Hacker News new | ask | show | jobs
by brendangregg 3697 days ago
I don't quite get it -- to me, that's like saying a hammer is notoriously bad at screwing in screws. And then going ahead and proving it. Um. Good content, but I don't get the premise. I wasn't using sampling profilers to study tail latency in the first place. Who would? (Maybe it's a different usage of "sampling profilers" than I'm familiar with.)

As for tail latency: one way is to dump every function event ; a lower cost way is to summarize latency in-kernel as a histogram. For both you're still tracing every function, and care about overhead down to 100 cycles etc.

But think about what causes the tails in the first place. Lock contention? Trace that. Resource I/O? Trace that. If it costs 1 us to trace disk I/O, it's usually not a problem. I like to time scheduler switch events with stack traces -- a catch all (but a bit more expensive). Of course, these approaches require kernel instrumentation. :)

1 comments

Hi Brendan,

(Full disclosure: I'm Mathieu Desnoyers, part of the LTTng maintainer team.)

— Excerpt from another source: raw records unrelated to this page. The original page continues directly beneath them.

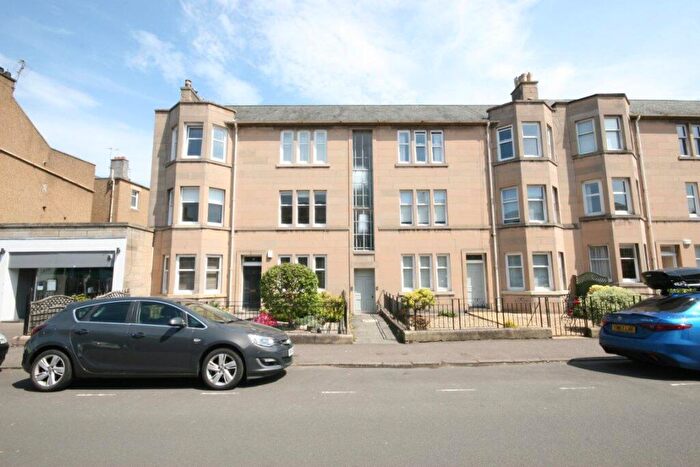 2 Bedroom Flat To Rent In Learmonth Avenue, Comely Bank, Edinburgh, EH4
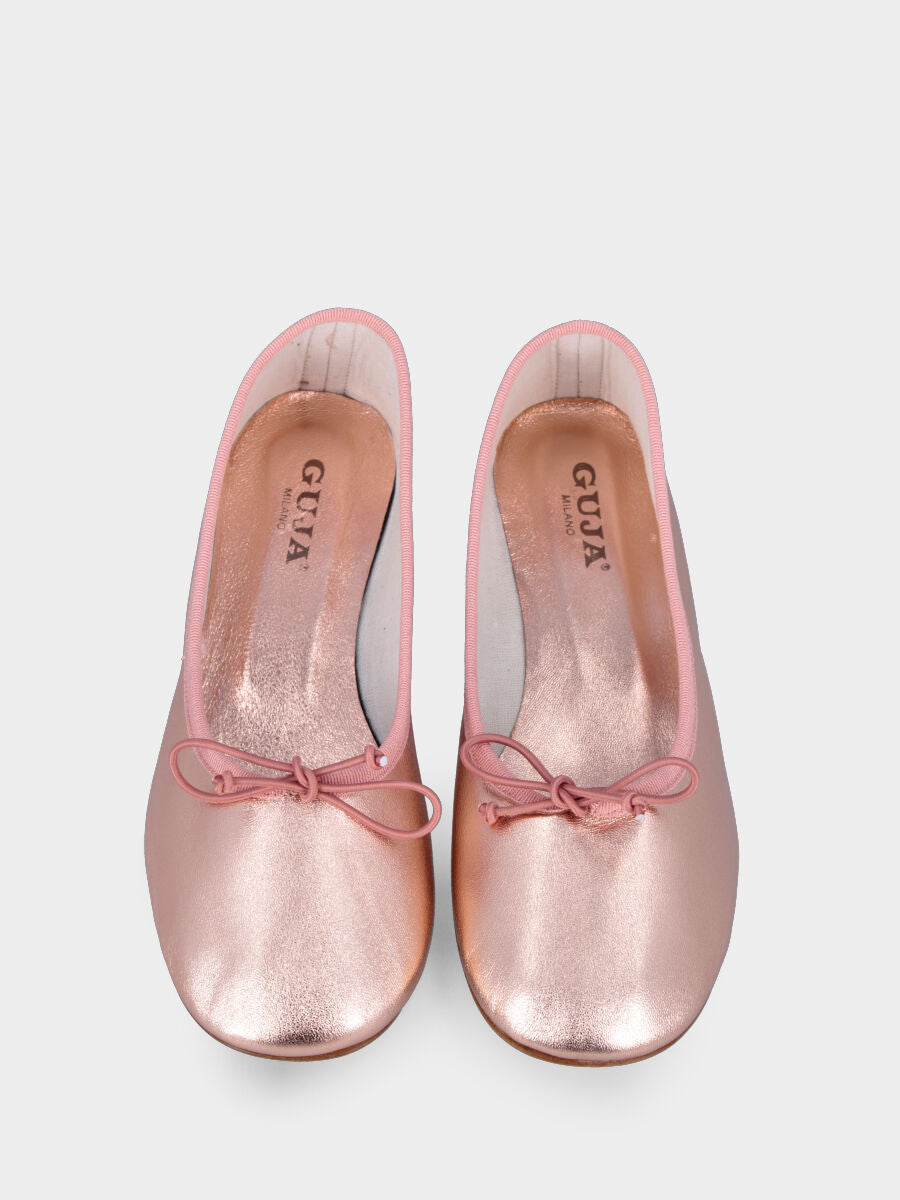 Ballerina rosa aus Leder mit Riemchen
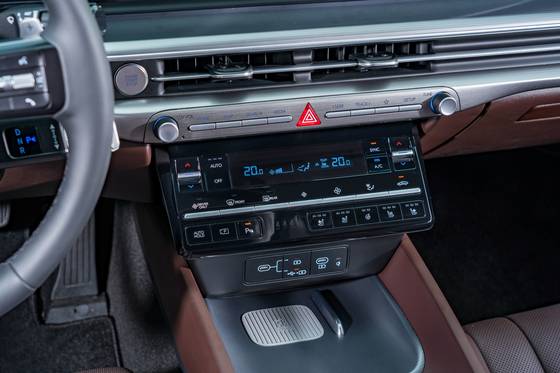 기어 레버가 운전대에 달린 현대 그랜저 하이브리드.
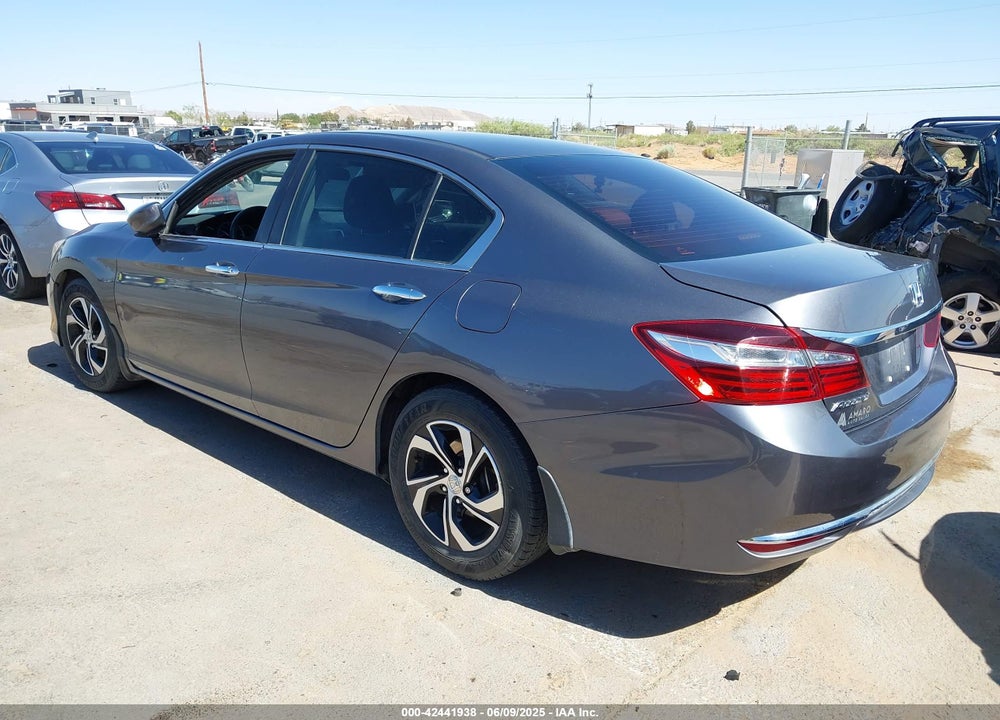 2016 HONDA ACCORD SEDAN VIN: 1HGCR2F45GA166108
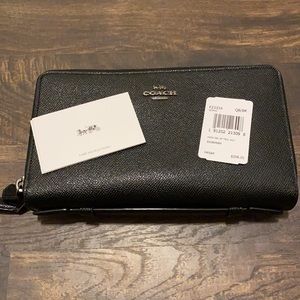 Coach Crossgrain Leather Double Zip Travel Wallet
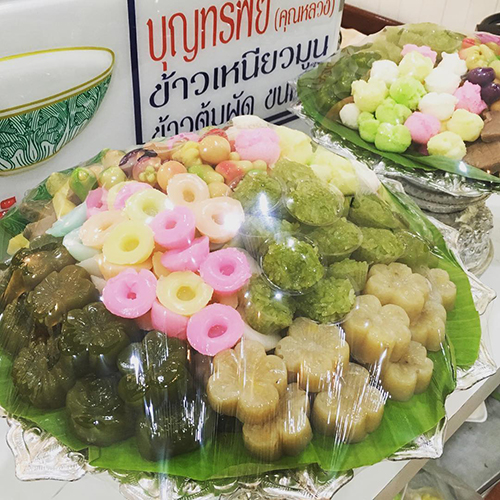 Ailati Resto, แสนยอด, ต๋องเต็มโต๊ะ, สาขาซอยเจริญกรุง 44, 80/20 bkk, ก๋วยเตี๋ยวเย็นตาโฟเกี๊ยวโต - บางรัก, โบ๊ยเกี๊ยเจ๊เนี๊ยวบางรัก, บุญทรัพย์คุณหลวง, นายเม้ง บะหมี่ปู เกี๊ยวกุ้งยักษ์, ทอดมันกวางตุ้ง สีนวล, เอ๋กระเพาะปลา ตรอกซุง, Panlee Bakery, ประจักษ์, ขาหมูตรอกซุงบางรัก เจ้าเก่า, ข้าวต้มปลา (กิมโป้), ข้าวขาหมูตีสาม, Hoklong Restaurant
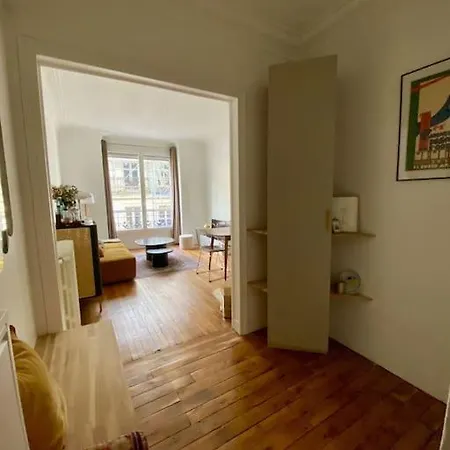 3p. 59m² Au Pied De Montmartre Parigi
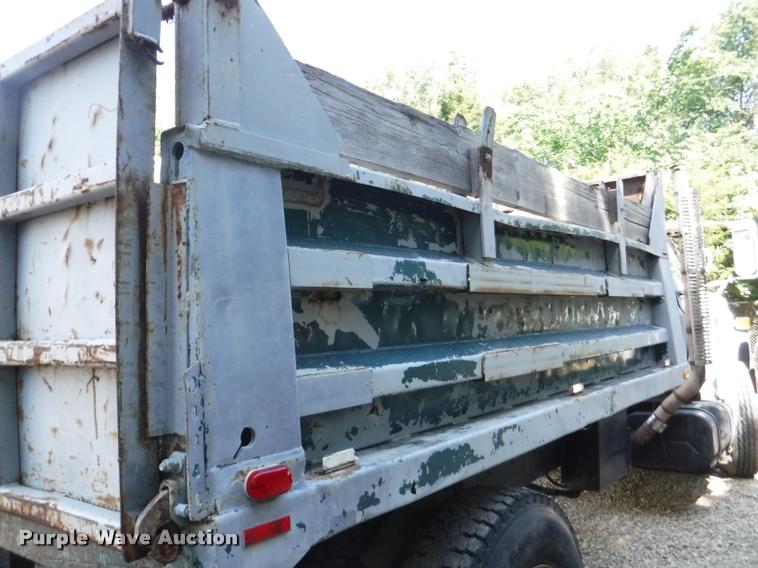 image for item DB3997 1988 Chevrolet Kodiak dump truck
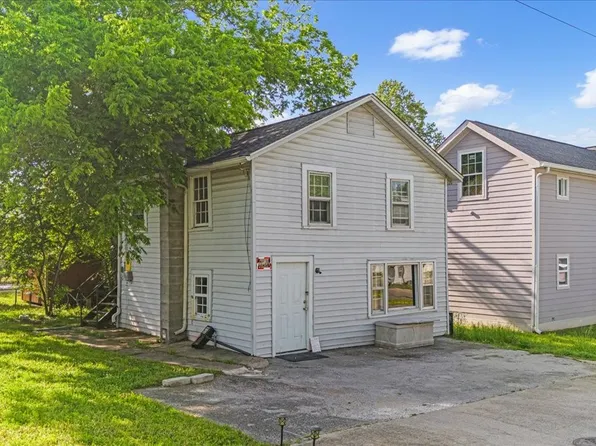 108 7th Ave S, Lewisburg, TN 37091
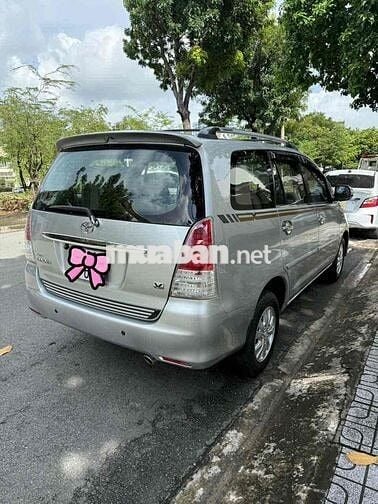 Toyota Innova 2.0  2010 V máy số zin rất đẹp.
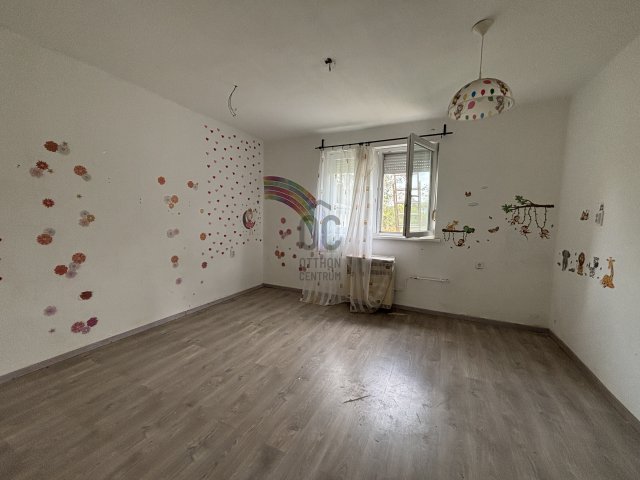 Eladó családi ház, Hajdúsámsonon 51.9 M Ft, 2 szobás
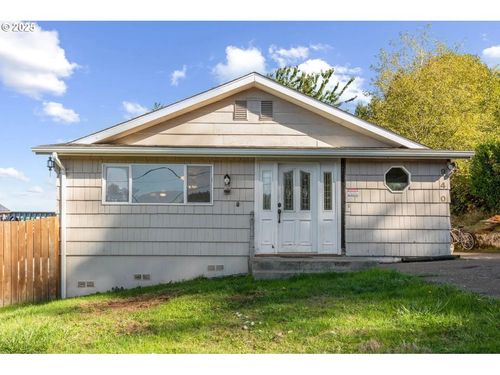 940 Rowe St, Reedsport, OR, 97467-1825 | Card Image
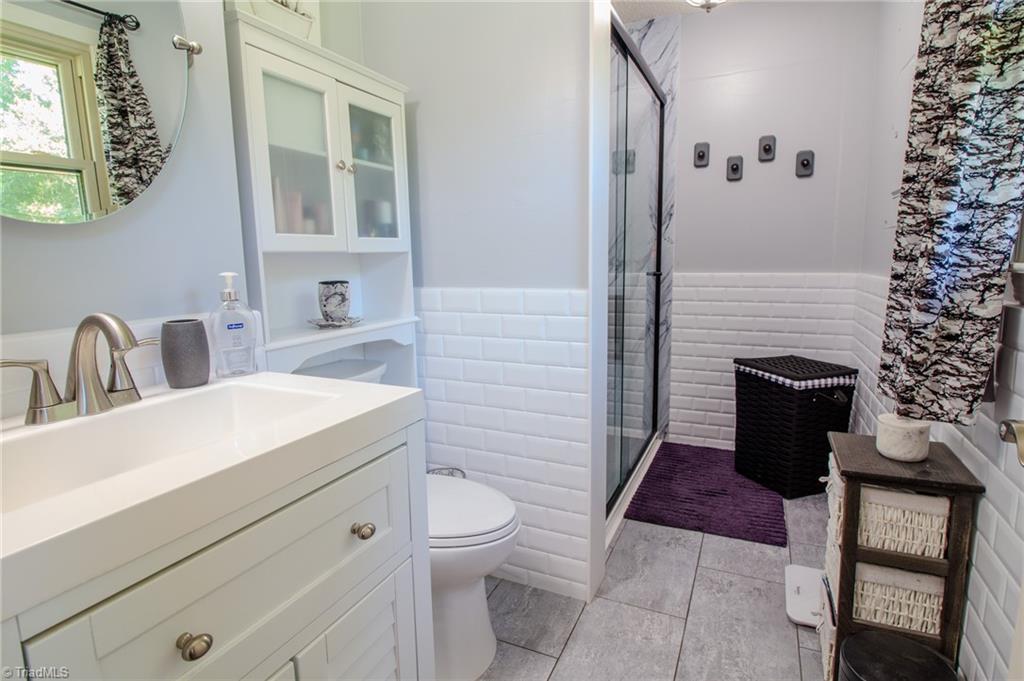 5736 Davis Road Walkertown, NC 27051 - Photo 28 of 47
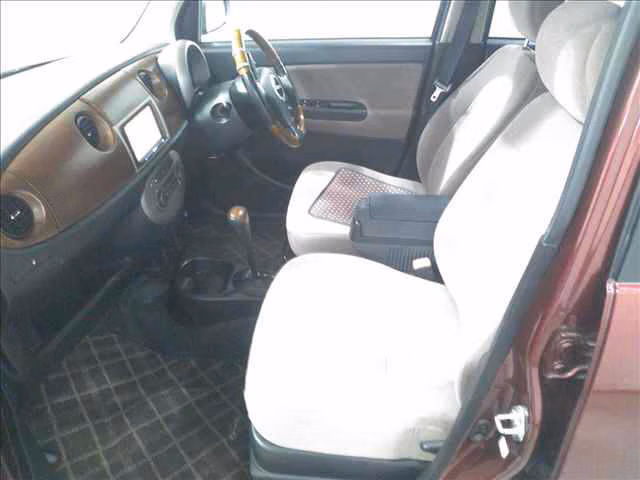 DAIHATSU MIRA GINO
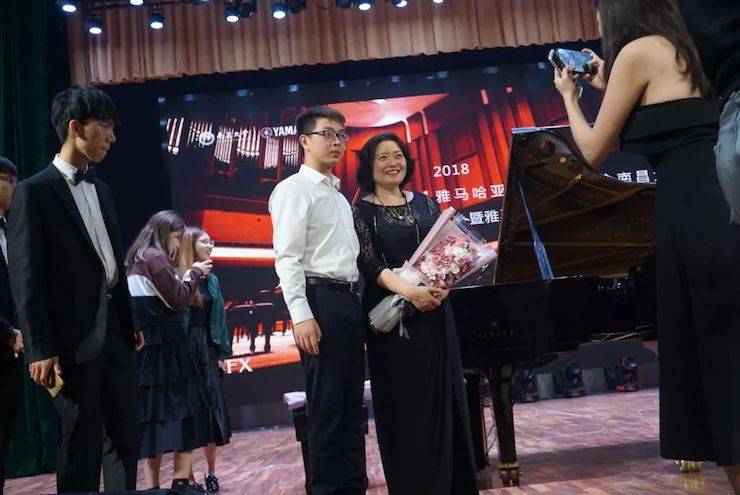 张芳、冯子祥钢琴音乐会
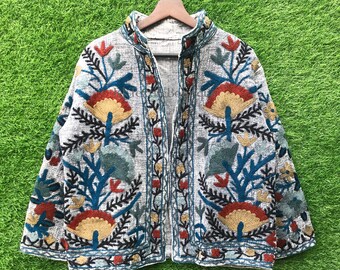 Bestickte Suzani TNT Jacke: Indischer Boho Steppmantel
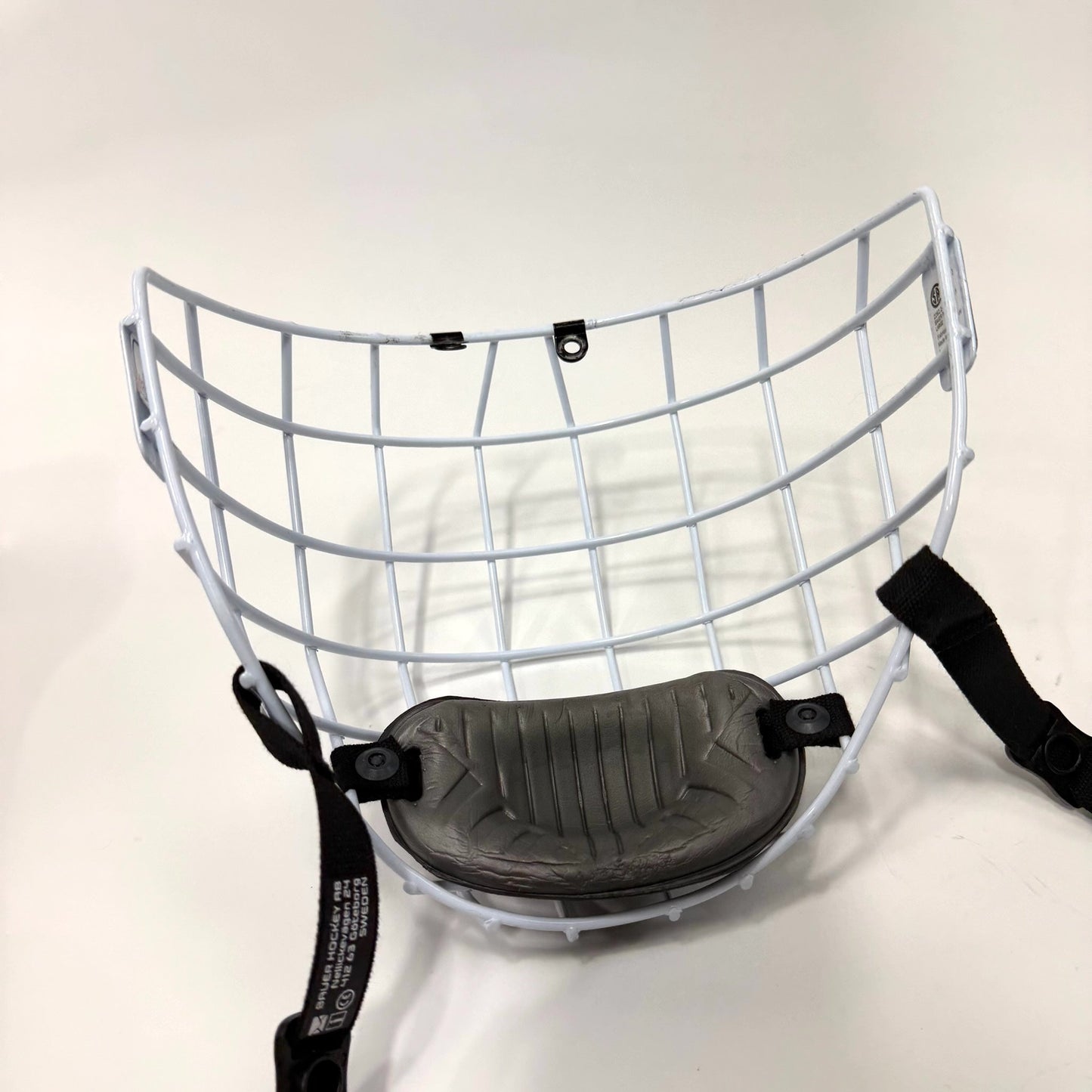 Like New White Bauer Profile II Cage | Large | AB819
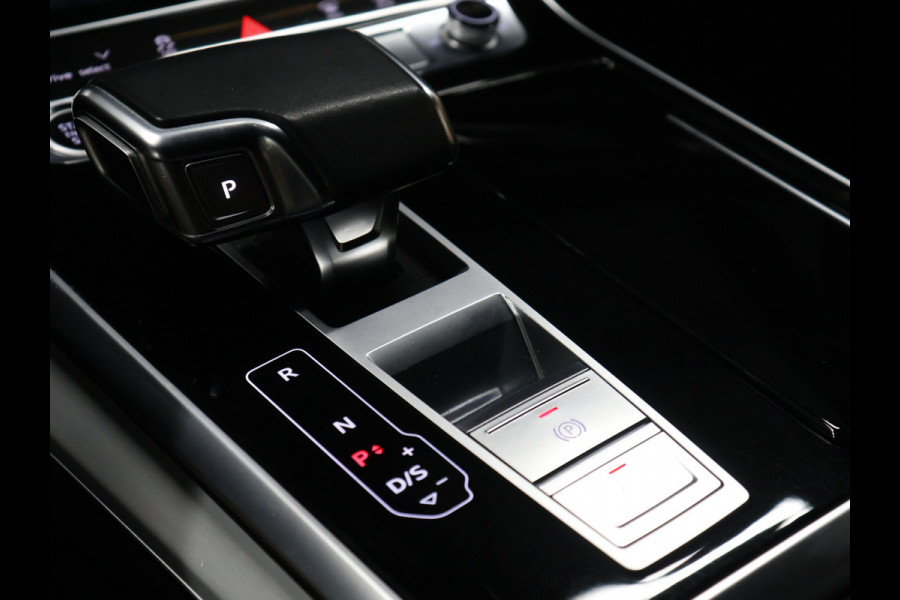 Audi Q7 60 TFSI e quattro Competition S-Line [B&O, LUCHTVERING, 22INCH, ELEKTRISCHE STOELEN, APPLE CARPLAY, ANDROID, STOELVERWARMING, CAMERA, TREKHAAK UITKLAPBAAR, ELEKTRISCHE ACHTERKLEP, NIEUWSTAAT]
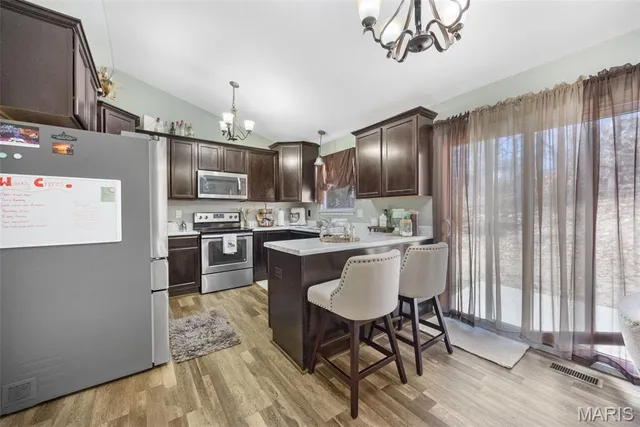 $289,900 | 5641 Hawks Landing Drive, Hillsboro, MO 63050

I would like to introduce a slightly less extreme point of view when considering "on-the-fly" aggregation of traces vs tracing to buffer followed by post-processing. I see from the current discussion thread that it's very much either one or the other, but I think that combining the two approach helps creating much more powerful tools. On-the-fly aggregation based on trace instrumentation helps pinpointing latency outliers. Tracing to buffers, on the other hand, provides very detailed information about the system behavior that leads to those outliers. By using on-the-fly aggregation as "triggers" to collect tracer in-memory ring-buffers, one can achieve investigation of latency outliers with very small I/O overhead.